Content starts
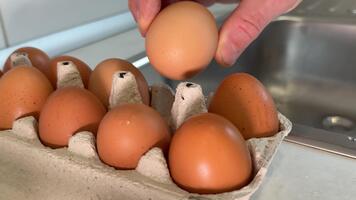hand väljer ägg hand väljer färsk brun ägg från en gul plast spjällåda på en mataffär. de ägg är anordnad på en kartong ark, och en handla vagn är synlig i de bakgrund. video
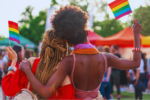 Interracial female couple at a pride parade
Content ends
Content starts
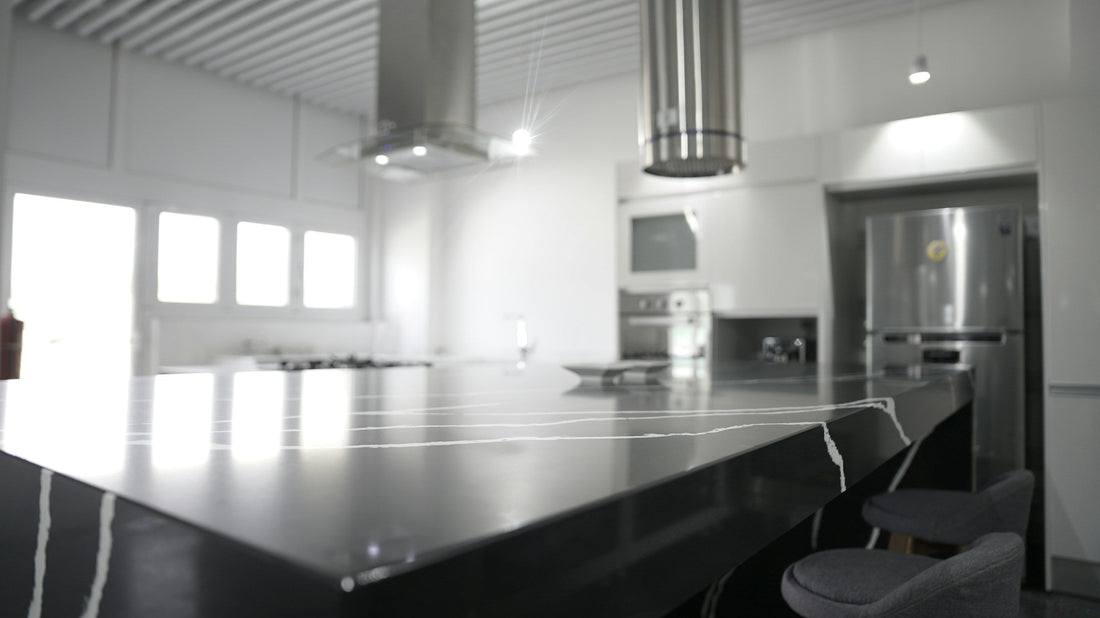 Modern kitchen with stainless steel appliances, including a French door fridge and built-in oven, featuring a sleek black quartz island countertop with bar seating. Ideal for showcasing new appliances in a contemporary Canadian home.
Content ends
» **REQUIRED ACTION**: Would you restate, exactly and with no pictures, the lines of the entries above from the one containing "hand väljer ägg" through the one containing "Interracial female couple at a pride parade"?

» **YOUR SOLUTION**:
hand väljer ägg hand väljer färsk brun ägg från en gul plast spjällåda på en mataffär. de ägg är anordnad på en kartong ark, och en handla vagn är synlig i de bakgrund. video
 Interracial female couple at a pride parade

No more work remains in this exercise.